# tramper's dream RV for sale $1700



## Eager (Jan 11, 2013)

*I'm selling my 1976 Dodge Superior RV, a compact class C equally perfect for tramping around big cities or camping in wilderness for $1,700* (I'm selling it for $2,100 on craigslist, but $1,700 for other traveller kids). (Those of you who've read my urban camping thread here, are probably pretty familiar with it).








Its 9.5 feet long and 11.5 feet tall, which means it fits perfectly in any regulation parking spot and can make just about any height clearance. 

Over the past 3 years of travelling in it, me and this amazing RV have enjoyed calming mornings in untouched wilderness, restless nights on busy city streets, fun times in friends driveways/backyards, sketchy encounters in back alleys, free bourgeois penthouse living atop parking garages in the city and pretty much every other imaginable place for far less than rent most places. Runs great, and is in pretty good condition; I'm only selling it because I've finally decided to stop travelling and put some roots down in Chicago.
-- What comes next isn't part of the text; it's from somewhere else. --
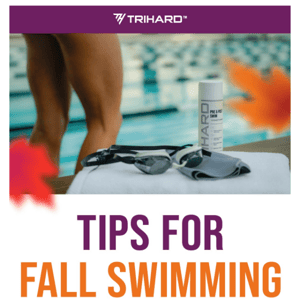 The Best Tips for Fall Swimming 🏊‍♀️🍂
Its got a propane heater, propane oven, a newly installed deep cell battery inverter which automatically charges while you drive it, full bathroom, a sizable fresh water holding tank, and large blackwater/graywater holding tanks, ample storage, a new gas generator for off-grid living/camping, and 20 AMP plug-in, (which means you can run the RV from any houses electrical outlet).



Over the past two years, it has had many parts replaced/updated including:

12/12/2011
Battery...3 Year Replacement Warranty / 8 Year Pro-rated Warranty
Driver's Headlight

12/24/2011
Ignition Switch

01/06/2012
Alternator... Lifetime Warranty
Voltage Regulator... 2-Year Warranty

01/11/2012
New Circuit Breaker 

01/14/2012 - 00853 Miles
Fuel Pump...1 Year Warranty
Fuel Filter
Air Filter
PCV Valve
Breather Filter
Oil Change
Passenger Headlight

03/01/2012
Fan/Alternator Belt

03/12/2012
Coolant Flush
Water Pump...Lifetime Warranty
Thermostat
Upper Radiator Hose
Lower Radiator Hose
Bypass Hose
Heater Hose
Power Steering Belt

3/18/2012
New Right Rear Tire... 40,000 mile Warranty

6/1/2012
New Left Rear Tire...40,000 mile Warranty

6/5/2012
Oil Pressure Switch...Lifetime Warranty
Engine Flush
Oil Change
Spark Plugs
Ignition Wires...Lifetime Warranty
Cap
Rotor

1/9/2013
New Right Front Tire... 40,000 mile Warranty


----------



## zephyr23 (Jan 11, 2013)

how many miles are on it? and how manny miles do you get? where are you located and do you have any other pics. thanks


----------



## ByronMc (Jan 12, 2013)

Eager said:


> *I'm selling my 1976 Dodge Superior RV, a compact class C equally perfect for tramping around big cities or camping in wilderness for $1,700* (I'm selling it for $2,100 on craigslist, but $1,700 for other traveller kids). (Those of you who've read my urban camping thread here, are probably pretty familiar with it).
> 
> 
> 
> ...


Very cool !


----------



## Eager (Jan 14, 2013)

zephyr23 said:


> how many miles are on it? and how manny miles do you get? where are you located and do you have any other pics. thanks



104,000 miles on it. MPG varies based on road conditions but between 15-18 MPG.

You can view more pictures/read more at my craigslist listing for it:

http://chicago.craigslist.org/chc/rvs/3544292093.html


----------



## Deleted member 2626 (Jan 15, 2013)

this is awesome man. At one time i wanted something like this but realized i like more minimalism. But when i get land this would be the ticket


----------



## thisisme (Jan 19, 2013)

i want this sooo bad!! too bad im broke. all i got is a 1999 toyota corolla


----------



## ByronMc (Jan 20, 2013)

thisisme said:


> i want this sooo bad!! too bad im broke. all i got is a 1999 toyota corolla


That Toyota will take you far & wide !


----------



## thisisme (Jan 22, 2013)

oh it already has but i want something more suitable to my creative endeavors and other simple things like canning my own food etc and having a mattress to sleep on dont hurt either. im gettin older and would love to have something halfway stable but at the same time not. something thats just mine


----------



## ByronMc (Jan 23, 2013)

thisisme said:


> oh it already has but i want something more suitable to my creative endeavors and other simple things like canning my own food etc and having a mattress to sleep on dont hurt either. im gettin older and would love to have something halfway stable but at the same time not. something thats just mine


Older huh,well,don't worry,that just says you're getting a little bit smarter,and more relaxed !..................Since you're broke now,and may not be able to get this one,why not think about a van,fit it to suit you ! I lived in one for a few years,loved it ! Now I have two pickup trucks,with no way to go from the cab to the back,except thru the back ! not a good being secret kinda thing !


----------



## beat_tramp (Mar 28, 2013)

Ill have my cash for one in about 11 months from now.Im sure you will have sold this by then.


----------



## man of the forest (Apr 12, 2013)

i had a dumm ass friend that baught a 16 or 18 foot 76 somthing for 2000 didnt like the milage it got and sold it for 500. now hes running on hard times becouse he didnt take his time spending his money. this is a great deal and i would hop on it if i wasent stuck on hopping fraight.


----------